=== Information provided ===

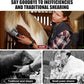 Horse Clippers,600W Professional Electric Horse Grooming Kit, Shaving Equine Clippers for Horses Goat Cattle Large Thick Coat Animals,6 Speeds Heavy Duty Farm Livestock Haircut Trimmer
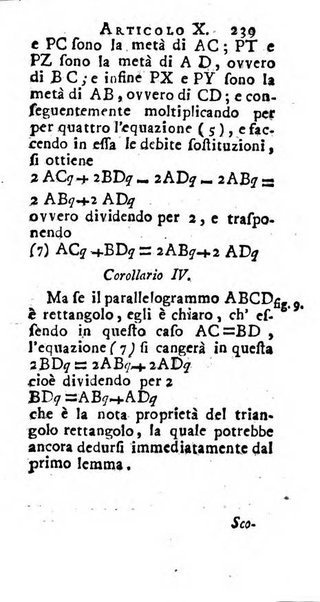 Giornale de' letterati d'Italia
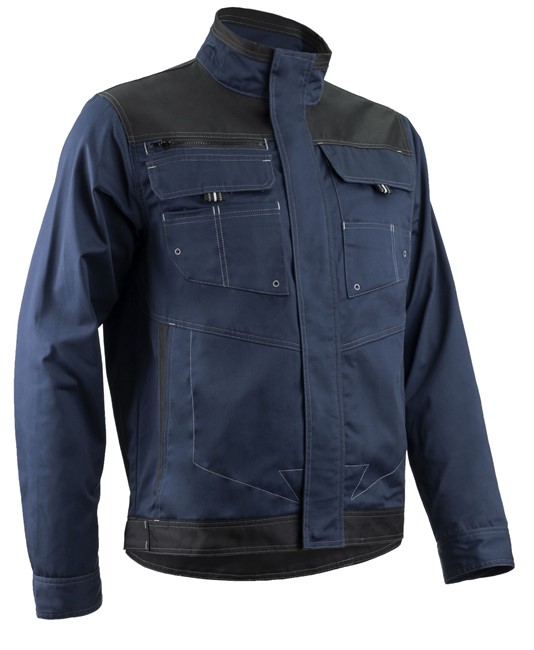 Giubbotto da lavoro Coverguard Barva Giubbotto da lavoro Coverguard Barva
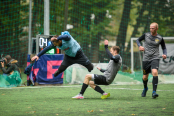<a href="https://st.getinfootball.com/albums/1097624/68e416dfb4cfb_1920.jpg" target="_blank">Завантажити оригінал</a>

===

Problem to solve -
Nothing but the lines from the first line of the listing above to the line containing "Giubbotto da lavoro Coverguard Barva Giubbotto" should appear in the answer, each one exact and with no pictures.

Your solution -
 Horse Clippers,600W Professional Electric Horse Grooming Kit, Shaving Equine Clippers for Horses Goat Cattle Large Thick Coat Animals,6 Speeds Heavy Duty Farm Livestock Haircut Trimmer
 Giornale de' letterati d'Italia
 Giubbotto da lavoro Coverguard Barva Giubbotto da lavoro Coverguard Barva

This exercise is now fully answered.